Akibatnya, alih-alih menggunakan sistem Dewey, Porter mengklasifikasikan karya berdasarkan genre dan penulis untuk menyoroti peran dasar orang kulit hitam di semua bidang studi, yang ia identifikasi sebagai seni, antropologi, komunikasi, demografi, ekonomi, pendidikan, geografi, sejarah, kesehatan, hubungan internasional, linguistik, sastra, kedokteran, musik, ilmu politik, sosiologi, olahraga, dan agama. Pendekatan Africana untuk membuat katalog ini sangat sejalan dengan prioritas Harlem Renaissance, seperti yang dijelaskan oleh profesor Universitas Howard Alain Locke dalam esainya yang mendefinisikan periode 1925, “Enter the New Negro.” Menyatakan kematian “Negro Lama "Sebagai objek studi dan masalah bagi orang kulit putih untuk dikelola, Locke menyatakan, " Sudah waktunya untuk menghapus fiksi, menggagalkan bogeys dan menetap di hadapan fakta yang realistis. "Beasiswa dari perspektif hitam, Locke berpendapat, akankah memerangi stereotip rasis dan narasi palsu sambil merayakan munculnya representasi diri hitam dalam seni dan politik. Sistem klasifikasi Porter menantang rasisme di mana ia diproduksi dengan memusatkan pekerjaan oleh dan tentang orang kulit hitam dalam percakapan ilmiah di seluruh dunia.

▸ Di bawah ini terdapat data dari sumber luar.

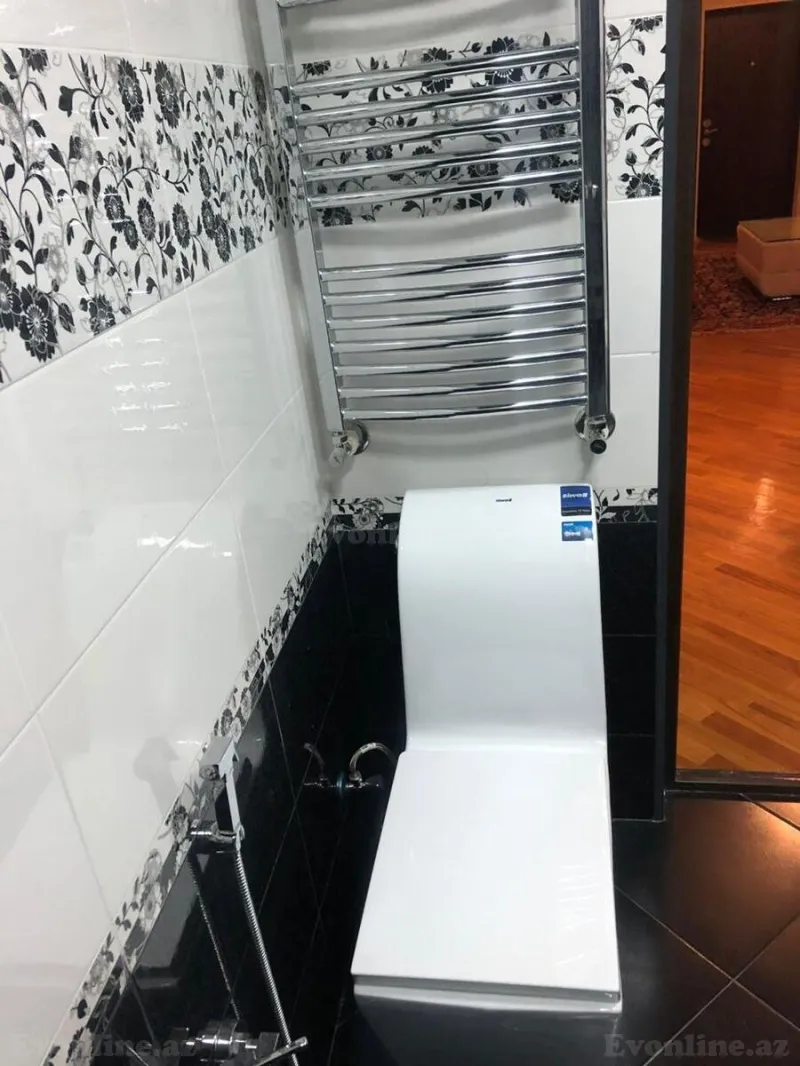 Kirayə verilir 3 otaqlı Mənzil Yeni tikili 160 m² Nərimanov r. - şəkil 22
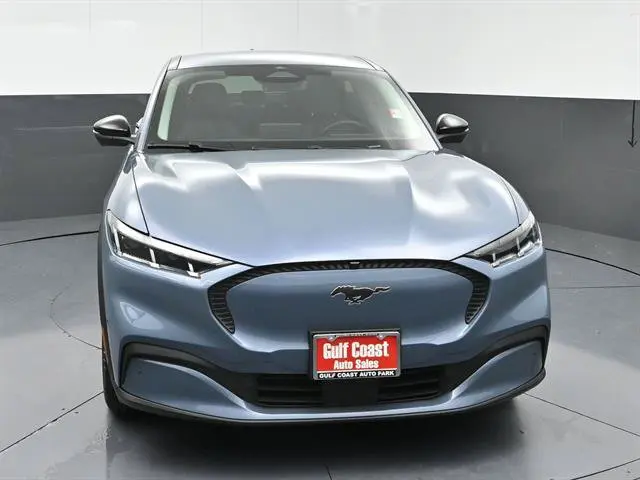 2024 Ford Mustang-Mach-e Select photo 3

Porter multi-bahasa, selanjutnya, mengantisipasi arah penting saat ini dalam studi Diaspora Afrika-Amerika dan Afrika: menganalisis sirkuit global dan keterjeratan sejarah dan berusaha untuk memulihkan arsip yang tidak diketahui di seluruh dunia. Dalam semangat Porter, karya ini memerangi dampak dari segmentasi penelitian pada orang kulit hitam di sepanjang garis bangsa dan bahasa, dan itu melawan fungsi penjaga gerbang dari banyak arsip kolonial. Hasil ambisi Porter termasuk barang langka dan tidak biasa. Koleksi musik Howard berisi komposisi oleh orang-orang seperti Antônio Carlos Gomes dan José Mauricio Nunes Garcia dari Brasil; Justin Elie dari Haiti; Amadeo Roldán dari Kuba; dan Joseph Bologne, Chevalier de Saint-Georges dari Guadeloupe. Bidang subjek linguistik meliputi grafik karakter yang dibuat oleh Thomas Narven Lewis, seorang dokter medis Liberia, yang mengadaptasi naskah dasar bahasa Bassa menjadi yang dapat diakomodasi oleh mesin cetak. (Proyek ini mengancam otoritas Inggris di Liberia, yang hanya mengizinkan bahasa Inggris untuk diajarkan dalam upaya menumpas aktivisme anti-kolonial.) Di antara karya-karya yang tersedia dalam bahasa Afrika adalah Otieno Jarieko yang langka, sebuah buku bergambar tentang pertanian berkelanjutan oleh Barack H. Obama, ayah dari mantan presiden AS.
Porter harus diakui atas upayanya untuk mengatasi marginalisasi penulisan oleh dan tentang orang-orang kulit hitam melalui revisi sistem Dewey serta untuk mempromosikan tulisan-tulisan tersebut melalui koleksi di sebuah lembaga yang didedikasikan untuk menyoroti nilainya dengan menunjukkan sentralitas dari pengetahuan itu untuk semua bidang. Pekerjaan inovatif Porter memberikan latar belakang yang penting bagi karya para sarjana kontemporer yang mengeksplorasi efek samping dari pemisahan pengetahuan melalui proyek-proyek yang mendekolonisasi, memulangkan dan mendefinisikan kembali arsip sejarah.
Artikel ini awalnya diterbitkan di American Historical Association's Perspectives on History.